Set in 1973, references to Apocalypse Now are thrown around so liberally it makes you wonder if director Jordan Vogt-Roberts’ (whose only previous feature film is the coming-of-age indie film The Kings of Summer) wanted to make a King Kong movie at all. He lovingly recreates the scene from Apocalypse Now in which helicopters are silhouetted against a bloated equatorial sun; Kong looms behind napalm fire; a crazy old man lives among a silent jungle tribe; there’s even a character called Captain Conrad.
It sound terrible, but there’s a skewed genius to this unlikely mash-up, a simple joy in seeing familiar imagery – King Kong laying eyes on his human love, for instance – in a new, if rather silly, setting.

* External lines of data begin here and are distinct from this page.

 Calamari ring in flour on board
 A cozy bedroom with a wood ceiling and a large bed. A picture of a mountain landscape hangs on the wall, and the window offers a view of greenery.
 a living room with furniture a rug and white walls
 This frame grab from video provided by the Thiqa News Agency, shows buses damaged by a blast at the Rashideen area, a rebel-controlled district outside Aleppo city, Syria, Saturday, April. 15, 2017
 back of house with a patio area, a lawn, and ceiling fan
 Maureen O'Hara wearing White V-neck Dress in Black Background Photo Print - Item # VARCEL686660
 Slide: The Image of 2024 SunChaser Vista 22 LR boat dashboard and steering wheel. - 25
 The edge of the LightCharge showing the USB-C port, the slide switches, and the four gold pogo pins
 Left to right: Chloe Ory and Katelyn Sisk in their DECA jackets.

This version of Kong, the third major remake of the 1933 film following 1976 and 2005 versions, is part of Legendary Pictures' nascent monster “universe” introduced in 2014’s Godzilla reboot. This time, four decades before those events, satellite images have emerged of a mysterious, skull-shaped island, spurring John Goodman’s monster scholar Bill Randa to pull together a crack team of mercenaries and nerds to pillage its secrets before the commies get wind of it.

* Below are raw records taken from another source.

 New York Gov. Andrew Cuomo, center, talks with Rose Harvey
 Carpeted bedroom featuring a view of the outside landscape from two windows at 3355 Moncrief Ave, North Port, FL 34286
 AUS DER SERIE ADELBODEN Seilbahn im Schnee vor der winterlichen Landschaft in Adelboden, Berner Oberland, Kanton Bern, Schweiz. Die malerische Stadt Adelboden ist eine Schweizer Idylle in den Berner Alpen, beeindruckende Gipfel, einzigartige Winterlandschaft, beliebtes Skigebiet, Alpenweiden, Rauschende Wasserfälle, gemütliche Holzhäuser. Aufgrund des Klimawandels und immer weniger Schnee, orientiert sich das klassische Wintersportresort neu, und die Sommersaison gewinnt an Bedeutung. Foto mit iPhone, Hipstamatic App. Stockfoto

What they find is an oversized menagerie of spiders and water-buffalo and dinosaurs, all ruled by a furious gorilla the size of a skyscraper. Short of dropping Kong into Moscow, he’s probably not going to win the Cold War.
What follows is essentially a cautionary tale about attempting to dominate nature through brute force, much as Apocalypse Now warned of trying to assert an ideology through bombs and bullets. The characters are all archetypes: the plucky photographer, the steely bushman, the jittery soldier, the unhinged commander. Samuel L Jackson is brilliantly hammy as an old dog of war who can’t bear the thought of returning home, setting his sights on the ultimate enemy: a 100ft gorilla. Tom Hiddleston and Brie Larson, meanwhile, are mostly eye candy, but fulfil that role with panache.
Tonally Vogt-Roberts borrows from the Jurassic Park franchise, with the serious message offset by deadpan quips (“mark my words, there will never be a more screwed up time in Washington”) and visual gags (a man tumbling into the maw of a giant creature, cutting to someone biting down on a bacon sandwich).
Counter-intuitively (or, come to think of it, perhaps inevitably), the least interesting parts are when Kong stops batting down helicopters and starts scrapping with his other mortal enemies, a bunch of giant lizards who killed his mum and dad. While the CGI is generally excellent, there’s nothing new to these loud, splashy battles, which soon blur into one forgettable tangle of teeth and limbs and fur.
That’s no deal-breaker, though – this is a smart, stylish blockbuster that doesn't take itself too seriously. It may wear it’s influence on its sleeve, but when that influence is Apocalypse Now, it's churlish to complain.